▸ ABOUT THIS EXERCISE
The output should match, line for line, the records from the line containing "Planting potatoes for hay" through the line containing "Ptilonorhynchus violaceus (Satin", with every picture left out.

▸ TASK INPUT
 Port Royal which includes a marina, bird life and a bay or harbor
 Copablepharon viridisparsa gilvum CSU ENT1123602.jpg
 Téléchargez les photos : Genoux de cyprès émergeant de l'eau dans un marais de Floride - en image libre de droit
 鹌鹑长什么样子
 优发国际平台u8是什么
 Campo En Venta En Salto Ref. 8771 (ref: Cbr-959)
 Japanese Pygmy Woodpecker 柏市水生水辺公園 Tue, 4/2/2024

==

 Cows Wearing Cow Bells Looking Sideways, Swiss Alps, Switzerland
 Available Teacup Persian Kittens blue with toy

---

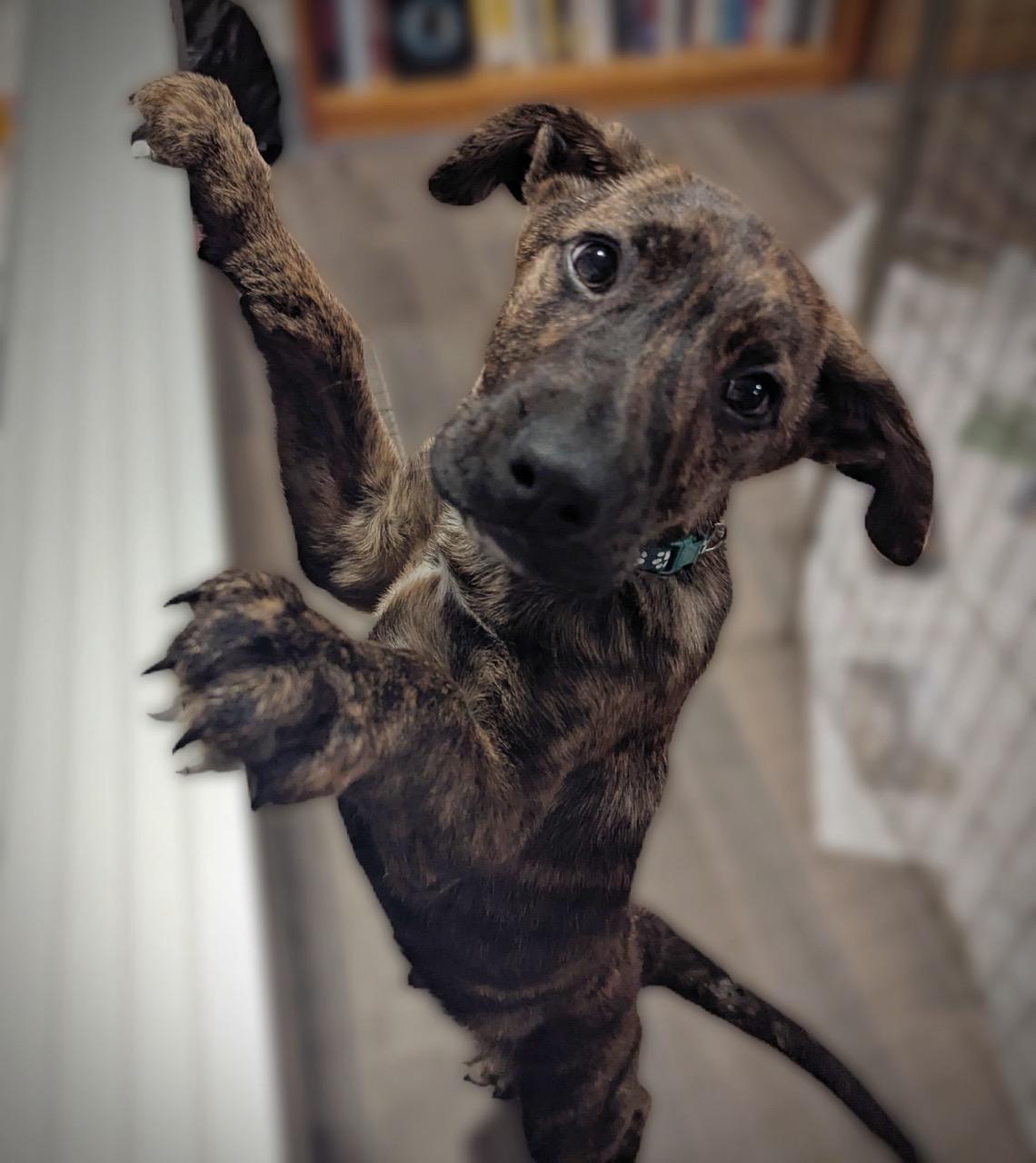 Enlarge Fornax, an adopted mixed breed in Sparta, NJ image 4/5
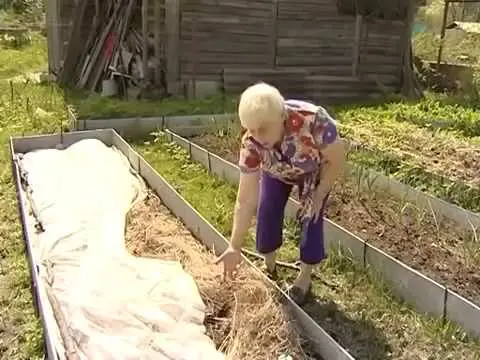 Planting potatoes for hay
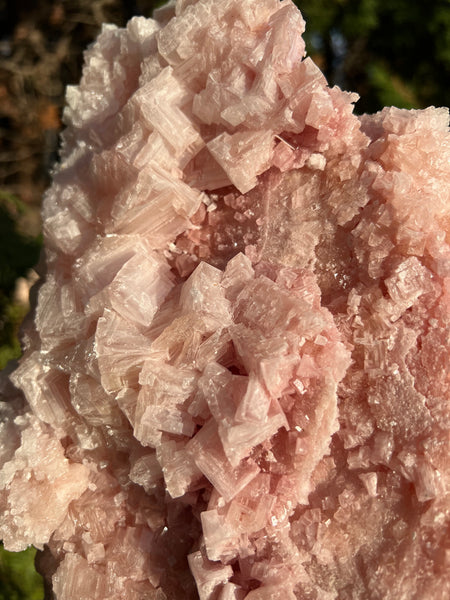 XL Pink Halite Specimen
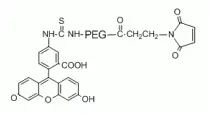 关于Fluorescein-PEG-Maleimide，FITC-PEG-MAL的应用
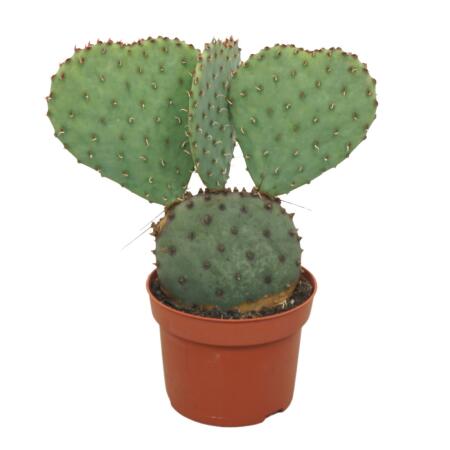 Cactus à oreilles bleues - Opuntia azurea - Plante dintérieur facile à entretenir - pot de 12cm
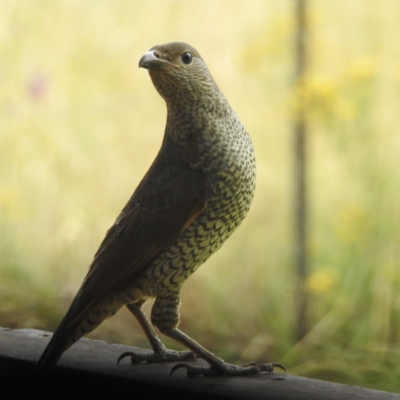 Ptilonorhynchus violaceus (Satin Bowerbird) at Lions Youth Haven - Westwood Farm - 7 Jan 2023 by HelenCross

▸ RESPONSE TO THIS TASK
 Planting potatoes for hay
 XL Pink Halite Specimen
 关于Fluorescein-PEG-Maleimide，FITC-PEG-MAL的应用
 Cactus à oreilles bleues - Opuntia azurea - Plante dintérieur facile à entretenir - pot de 12cm
 Ptilonorhynchus violaceus (Satin Bowerbird) at Lions Youth Haven - Westwood Farm - 7 Jan 2023 by HelenCross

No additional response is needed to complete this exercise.